Friday, April 8, 2016

Steignyr - The Prophecy of the Highlands

Surely it's no secret (courtesy of my personal Top 10 Metal Albums post) that I love me some cheesy folk metal. So imagine my joy when I saw a band described as "Celtic Folk Metal" in this week's New Releases thread on /r/metal. So I went to YouTube, and clicked on the first Steignyr song that came up (Tales of a Forgotten Hero, apparently the title track of their second album). Upon realizing that I own better medieval-y garb than anyone in this band, I decided I had to give their newest release a shot. This is also my first encounter with Steignyr, so this will even be the first album I review with no prior conceptions about the band.

The best way I've come up with to describe Steignyr is that they sound like a less folky Eluveitie with a deeper vocalist. Granted, saying a band is less folky than Eluveitie is like saying a person is less wet when they're not in a swimming pool, because, for crying out loud, Eluveitie has a full-time hurdy-gurdy.

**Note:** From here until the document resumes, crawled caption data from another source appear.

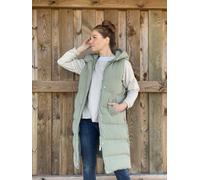 Wattierte Steppweste lang khaki light Größe S-XXXL L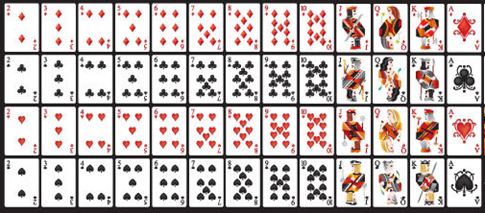 Image of a full deck of playing cards, each card is organized by type and color, red diamonds, black clubs, red hearts, and black spades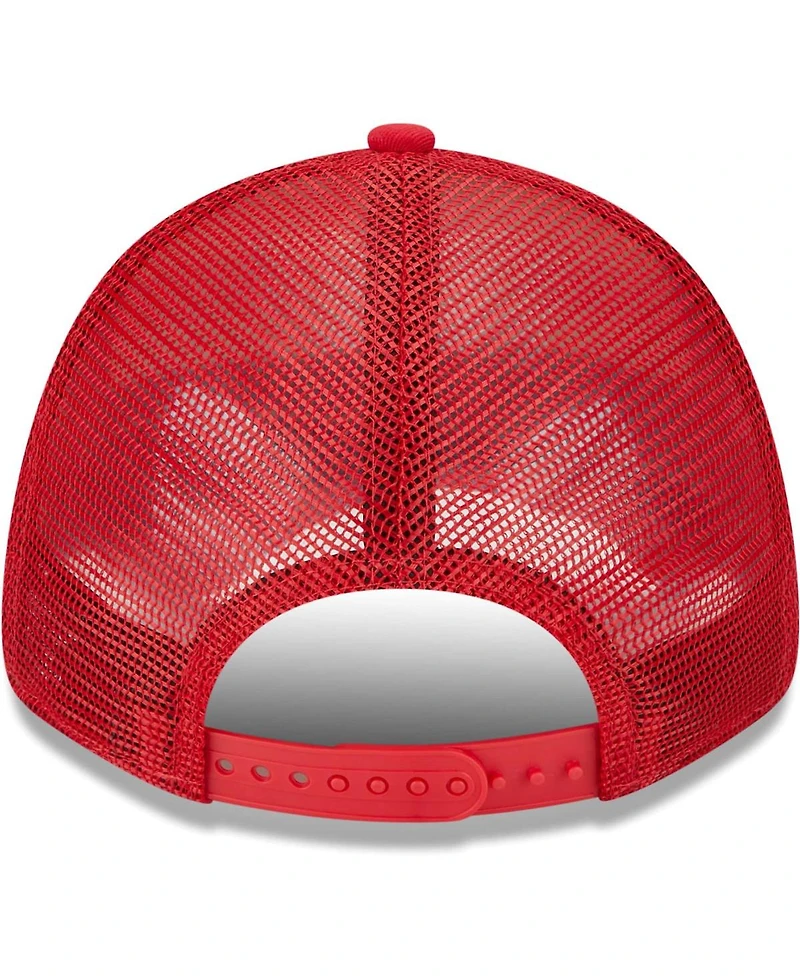 Men's New Era Cream, Red Tampa Bay Buccaneers Team Stripe Trucker 9FORTY Snapback Hat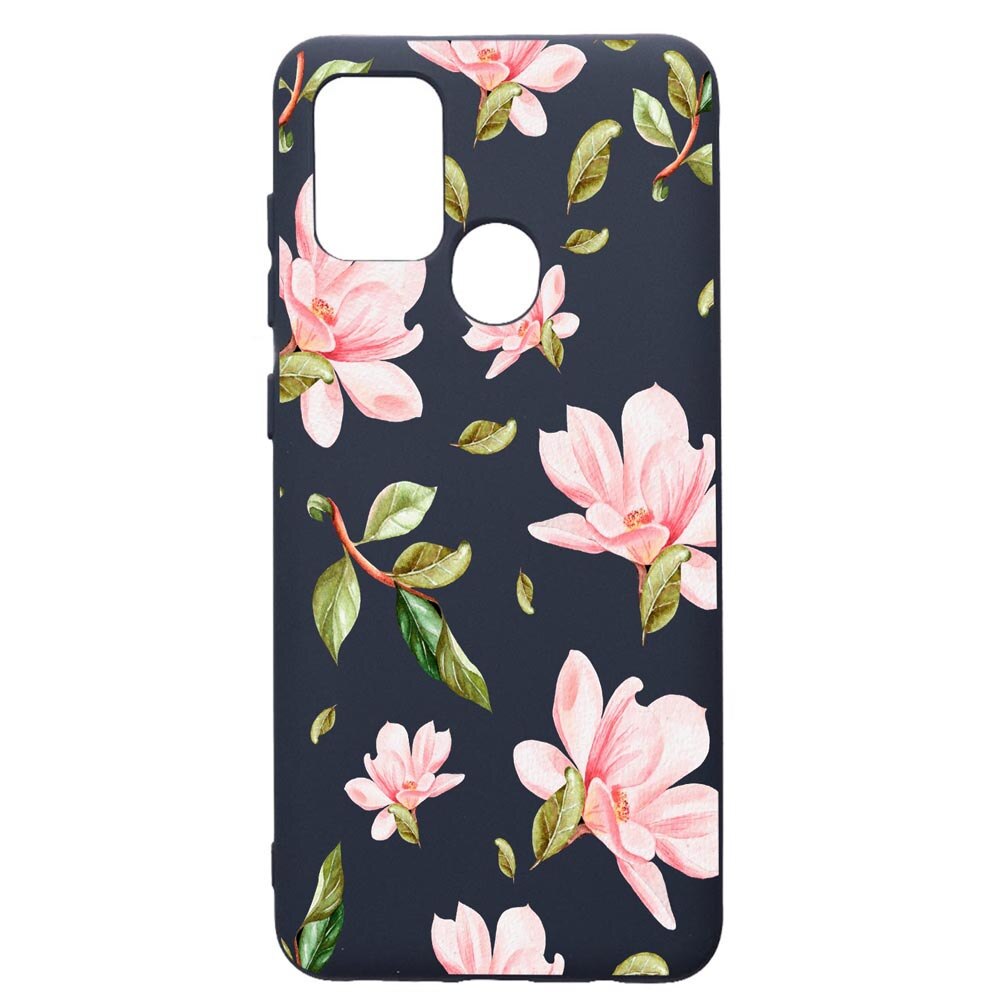 Husa Premium Silicon Compatibila Cu Samsung Galaxy A21S, Spring Flowers, cu interiorul din material textil, protectie camera, Alaskan Blue, PAB496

First thing I'll say is that, generally, I enjoyed this album at first. Steignyr doesn't anything particularly special or new. Male harsh vocals plus clean female vocals is an old formula, but they do it very well overall. Otherwise I think the vocals mix with the overall sound very well without getting in the way of the music. Musically, you don't get anything too special out of The Prophecy of the Highlands either. Keyboards are put to good effect throughout, and are mostly responsible for giving the album its folky feel. Though I have to feel like a live performance from this band will rely strongly on pre-recorded backing tracks. Of course, I'm also unlikely to find out, as they're from Barcelona.

Anyway, on to the individual songs. "The Valley of Dragons" has just the kind of deliciously cheesy name I hope for out of folk metal, but unfortunately the tracks immediately following it leave a bit to be desired, and are mostly solid background noise. "Spirit of Victory" stands out the most in a positive sense by virtue of being the song that most does what I think folk metal as a whole tries to accomplish: making the listener feel awesome. The guitar riffs for the opening minute are a damn lot of fun, and the rest of the track is very able to live up to that.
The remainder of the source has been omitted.